After the war, Richard Pennington returned to his family’s farm in Warren County to work by 1920. By 1930, he had moved to Baltimore, Maryland, where he worked as a porter in the dairy industry. Around 1929, Richard Pennington married a woman named Verline, who worked in Baltimore as a maid in a hospital. By 1940, Richard was working in Baltimore as a stableman. By 1942 when he registered for the federal draft for World War II, Pennington was working for the U.S. Postal Service at the post office on Fayette and Calvert streets in Baltimore.

Nothing his known of Pennington after 1942, and it is unknown when he died.

You can see the original photograph of Richard Pennington in his WWI uniform in the Warren County Compiled Individual Military Service Records (WWI 92), in the WWI Papers of the Military Collection at the State Archives of North Carolina in Raleigh, N.C.

This blog post is part of the State Archives of North Carolina’s World War I Social Media Project, an effort to bring original WWI archival materials to the public through the North Carolina Department of Natural and Cultural Resources’ (NCDNCR) various social media platforms, in order to increase access to the items during the WWI centennial celebration by the state of North Carolina.

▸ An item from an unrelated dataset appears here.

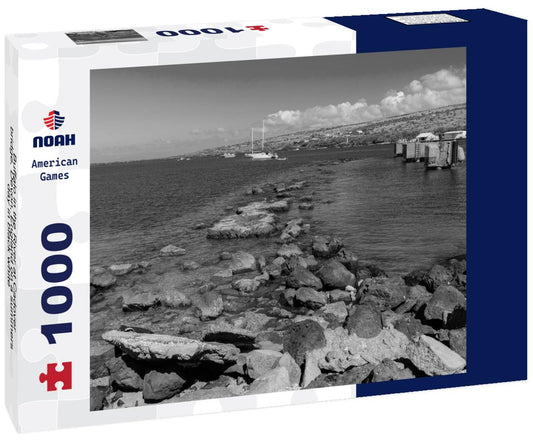Noah Jigsaw Puzzle Buffalo in the River at Cadover bridge, Devon, England on a summers day in black white 1000 pieces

Between February 2017 and June 2019, the State Archives of North Carolina will be posting blog articles, Facebook posts, and Twitter posts, featuring WWI archival materials which are posted on the exact 100th anniversary of their creation during the war. Blog posts will feature interpretations of the content of WWI documents, photographs, diary entries, posters, and other records, including scans of the original archival materials, held by the State Archives of North Carolina, and will be featured in NCDNCR’s WWI centennial blog.